Privacy Policy

1. Data controller

Briefd is operated by Business Safety Coaching International Sp. z o.o., Romana Dmowskiego 22/112, 43-100 Tychy, Poland (NIP: PL6463026358).

Contact email: info@briefd.it

2. Information we collect

When you submit the analysis form, we collect:

• Email address: to deliver your analysis report and, if you opt in, marketing communications.
• Website URL: to perform the copy and messaging analysis.
• Marketing preference: whether you chose to receive tips on sales copywriting and website messaging. This is optional and separate from the service.

We also collect automatically:

• Usage data: page views, session recordings, and interaction data collected by Hotjar for UX improvement (only with your consent).
• Server logs: IP address, browser type, and request timestamps, retained for security and debugging.

3. How and why we use your data

• Analysis report delivery: generating and sending your free website copy analysis. Legal basis: performance of the service you requested (GDPR Art. 6(1)(b)).
• Marketing emails: tips on copywriting and messaging, sent only if you explicitly opt in. Legal basis: your consent (GDPR Art. 6(1)(a)). You can withdraw consent at any time using the unsubscribe link in any email or by contacting info@briefd.it.
• Website analytics: understanding how visitors use our site via Hotjar, only with your consent via the cookie banner. Legal basis: your consent (GDPR Art. 6(1)(a)). You can change your preference at any time using the "Cookie preferences" link in the page footer.
• Security and abuse prevention: server logs used to detect and prevent misuse. Legal basis: our legitimate interest in maintaining a secure service (GDPR Art. 6(1)(f)).

4. Cookies and tracking

We use the following tracking technologies, only with your consent:

• Hotjar: session recordings and heatmaps for UX analysis. Hotjar uses cookies to identify sessions. Data is processed in the EU. Hotjar Privacy Policy.

We do not use Google Analytics, Facebook Pixel, or any advertising cookies.

Your cookie consent preference is stored in your browser's local storage.

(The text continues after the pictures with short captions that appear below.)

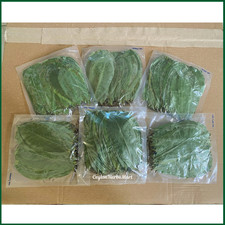 Sun Dried Soursop/Graviola
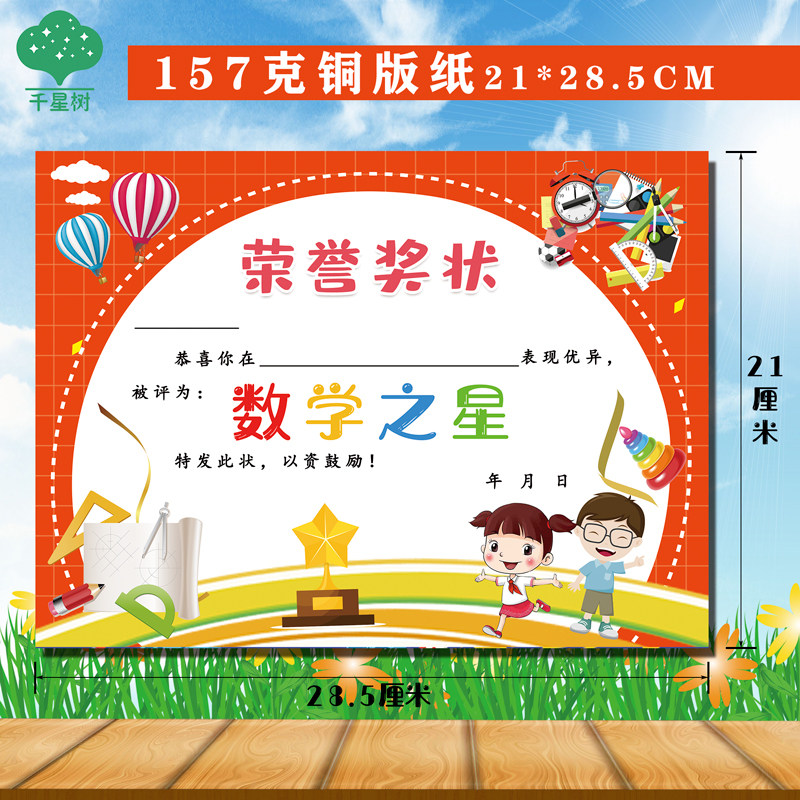 千星树奖状157克铜版纸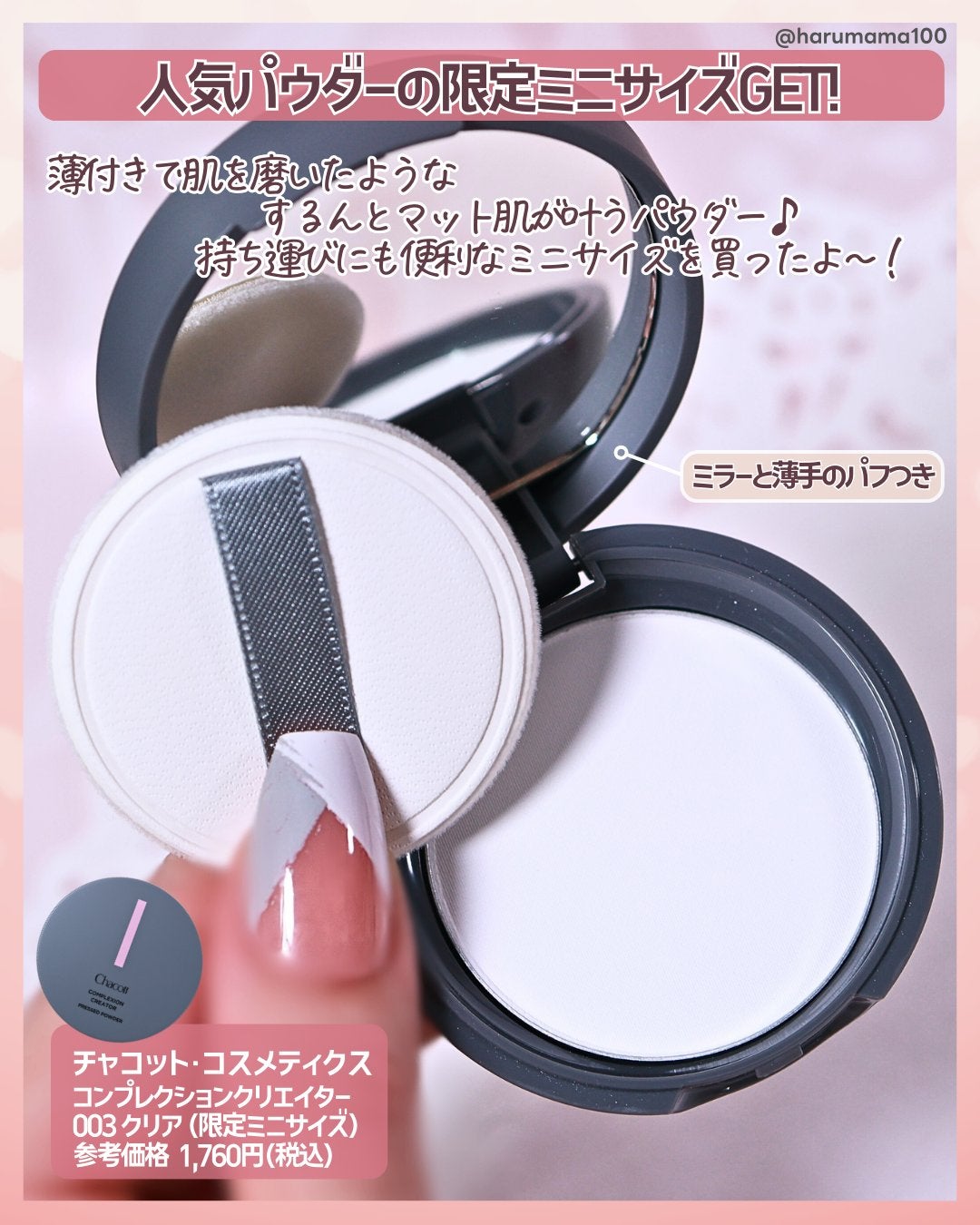 コンプレクションクリエイター/チャコット・コスメティクス/プレストパウダーを使ったクチコミ(2枚目)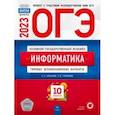 russische bücher: Крылов Сергей Сергеевич - ОГЭ 2023 Информатика и ИКТ. Типовые экзаменационные варианты. 10 вариантов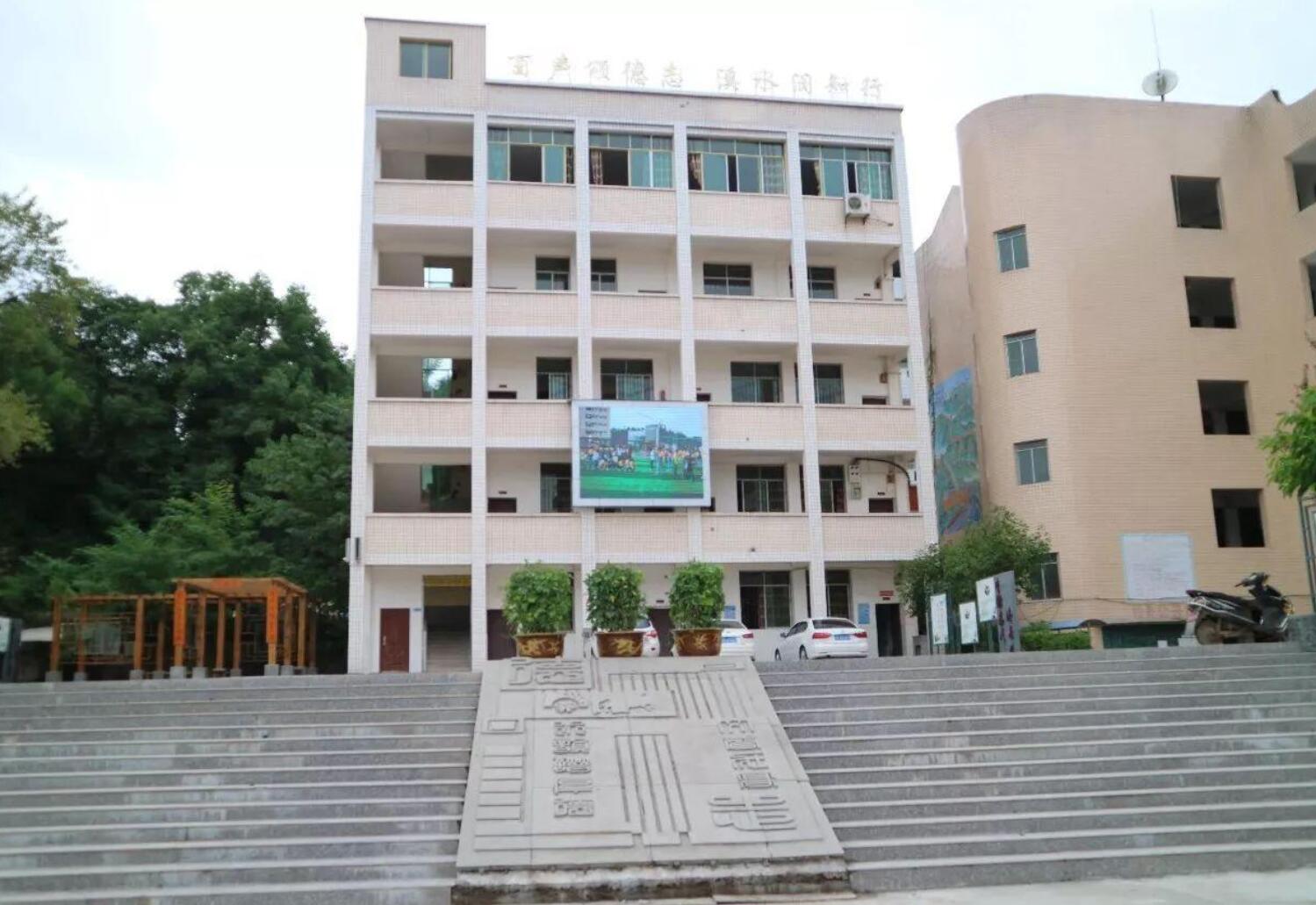 岳池县白庙职业中学校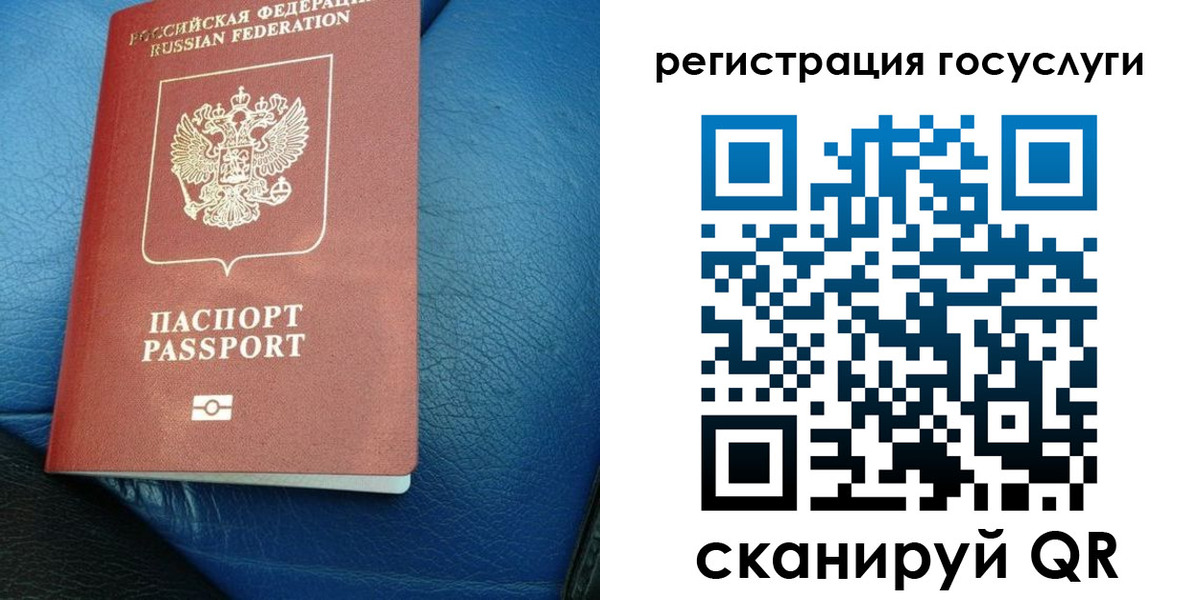временная регистрация в квартире в Константиновске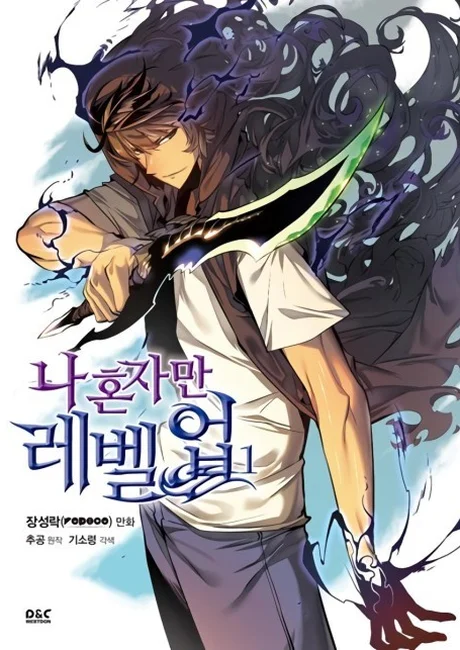 Solo Leveling cover showing a dark-haired hunter with a curved blade and purple shadow energy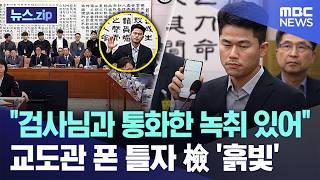 검사님과 통화한 녹취 있어 교도관 폰 틀자 檢 '흙빛' [뉴스.zip/MBC뉴스]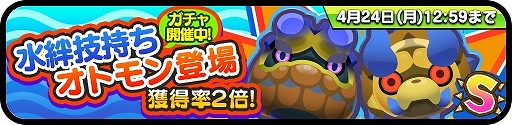 画像ギャラリー No.002のサムネイル画像 / 「オトモンドロップ」,水属性を伝承したディアブロスとウラガンキンが登場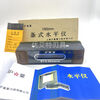 Shanghai strip level industrial level machine tool debugging precision fitter frame square 150mm200 strip level 150mm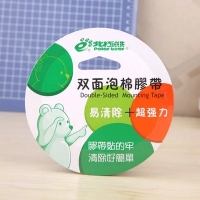 北极熊EZ18，18mm*5米易清除无痕强力双面泡棉胶带/海绵胶带/易擦胶带-E...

You can change it at any time using the "Cookie preferences" link in the page footer, or by visiting Hotjar's Do Not Track page.

5. Data sharing and processors

We share your data only with the following service providers, strictly for delivering the service:

• AWS (eu-west-1, Ireland): infrastructure hosting, database (DynamoDB), email delivery (SES), file storage (S3), CDN (CloudFront).
• Hotjar (EU): website analytics and UX research.

We have Data Processing Agreements (DPAs) in place with all processors under GDPR Article 28. All data is processed within the European Economic Area.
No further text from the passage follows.